I always flinch when the government claim they are going to “help” sick and disabled people into work. That usually signals further cuts to lifeline support and essential services are on the way, and that the social security system is going to be ground down a little further, to become the dust of history and a distant memory of a once civilised society.
If the government genuinely wanted to “help” sick and disabled people into work, I’m certain they would not have cut the Independent Living Fund, which has had a hugely negative impact on those trying their best to lead independent and dignified lives, and the Access To Work funding has been severely cut, this is also a fund that helps people and employers to cover the extra living costs arising due to disabilities that might present barriers to work.
The government also made the eligibility criteria for Personal Independence Payment (PIP) – a non-means tested out-of- work and an in-work benefit – much more difficult to meet, in order to simply reduce successful claims and cut costs. This has also meant that thousands of people have lost their motability vehicles and support.
Earlier this year, it was estimated at least 14,000 disabled people have had their mobility vehicle confiscated after the changes to benefit assessment, which are carried out by private companies. Many more yet to be reassessed are also very likely to lose their specialised vehicles.
Under the PIP rules, thousands more people who rely on this support to keep their independence are set to lose their vehicles – specially adapted cars or powered wheelchairs. Many had been adapted to meet their owners’ needs and many campaigners warn that it will lead to a devastating loss of independence for disabled people.

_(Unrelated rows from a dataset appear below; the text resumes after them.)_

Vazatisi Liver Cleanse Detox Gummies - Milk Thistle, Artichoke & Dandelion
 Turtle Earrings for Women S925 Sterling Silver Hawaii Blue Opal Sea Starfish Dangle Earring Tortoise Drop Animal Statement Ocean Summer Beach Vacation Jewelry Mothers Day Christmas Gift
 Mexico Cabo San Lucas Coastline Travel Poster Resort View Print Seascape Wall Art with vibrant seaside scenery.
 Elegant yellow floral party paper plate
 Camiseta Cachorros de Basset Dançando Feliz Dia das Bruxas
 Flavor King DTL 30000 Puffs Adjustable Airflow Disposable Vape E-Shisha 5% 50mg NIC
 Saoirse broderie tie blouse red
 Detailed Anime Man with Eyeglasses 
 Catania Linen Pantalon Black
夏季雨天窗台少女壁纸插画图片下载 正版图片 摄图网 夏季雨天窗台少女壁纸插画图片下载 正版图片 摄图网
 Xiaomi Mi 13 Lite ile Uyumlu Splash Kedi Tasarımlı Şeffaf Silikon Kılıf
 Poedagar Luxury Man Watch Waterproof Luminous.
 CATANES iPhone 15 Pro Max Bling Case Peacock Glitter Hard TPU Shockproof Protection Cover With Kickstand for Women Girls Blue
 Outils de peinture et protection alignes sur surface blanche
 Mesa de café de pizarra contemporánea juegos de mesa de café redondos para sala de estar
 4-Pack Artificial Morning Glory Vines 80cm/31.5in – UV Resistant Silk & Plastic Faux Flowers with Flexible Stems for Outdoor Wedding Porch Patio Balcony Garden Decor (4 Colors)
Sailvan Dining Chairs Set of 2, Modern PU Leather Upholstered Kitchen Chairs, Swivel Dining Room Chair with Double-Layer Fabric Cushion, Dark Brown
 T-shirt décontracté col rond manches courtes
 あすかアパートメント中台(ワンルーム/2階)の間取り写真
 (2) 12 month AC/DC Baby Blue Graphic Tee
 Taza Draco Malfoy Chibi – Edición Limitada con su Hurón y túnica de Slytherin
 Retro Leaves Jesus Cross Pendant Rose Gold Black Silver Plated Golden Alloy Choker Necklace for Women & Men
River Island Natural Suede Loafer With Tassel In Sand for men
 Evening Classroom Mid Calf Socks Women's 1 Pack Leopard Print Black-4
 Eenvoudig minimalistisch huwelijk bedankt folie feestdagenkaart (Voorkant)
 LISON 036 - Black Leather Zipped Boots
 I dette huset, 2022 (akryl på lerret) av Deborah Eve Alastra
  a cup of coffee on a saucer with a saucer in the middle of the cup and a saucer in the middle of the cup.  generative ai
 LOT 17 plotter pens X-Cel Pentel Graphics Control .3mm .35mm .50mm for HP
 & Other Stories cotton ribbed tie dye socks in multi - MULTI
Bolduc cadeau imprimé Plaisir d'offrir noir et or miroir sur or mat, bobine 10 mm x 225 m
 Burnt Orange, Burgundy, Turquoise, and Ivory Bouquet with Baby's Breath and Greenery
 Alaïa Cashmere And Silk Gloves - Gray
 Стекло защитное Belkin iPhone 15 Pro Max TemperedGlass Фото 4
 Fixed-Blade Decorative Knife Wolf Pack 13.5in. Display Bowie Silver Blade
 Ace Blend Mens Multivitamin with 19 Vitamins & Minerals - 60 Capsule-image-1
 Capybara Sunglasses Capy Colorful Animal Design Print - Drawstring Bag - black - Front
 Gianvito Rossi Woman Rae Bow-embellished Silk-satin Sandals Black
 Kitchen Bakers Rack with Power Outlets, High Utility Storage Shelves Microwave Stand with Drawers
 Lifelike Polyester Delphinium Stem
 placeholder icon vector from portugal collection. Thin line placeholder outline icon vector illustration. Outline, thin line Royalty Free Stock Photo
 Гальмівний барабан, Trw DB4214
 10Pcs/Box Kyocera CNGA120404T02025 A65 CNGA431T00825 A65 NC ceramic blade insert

A total of 45% or 13,900 people, were deemed as not needing the higher rate of PIP, and therefore lost their vehicles after reassessment. And out of the 31,200 people who were once on the highest rate of Disability Living Allowance (DLA) who have been reassessed, just 55%, or 17,300 – have kept their car.
In 2012, Esther McVey, then the Minister for people with disabilities, as good as admitted there are targets to reduce or remove eligibility for the new disability benefit PIP, which was to replace DLA. How else could she know in advance of people’s reassessment that “330,000 of claimants are expected to either lose their benefit altogether or see their payments reduced“ as she had informed the House of Commons.
This was a clear indication that the new assessment framework was designed to cut support for disabled people. A recent review led the government to conclude that PIP doesn’t currently fulfil the original policy intent, which was to cut costs and “target” the benefit to an ever-shrinking category of “those with the greatest need.”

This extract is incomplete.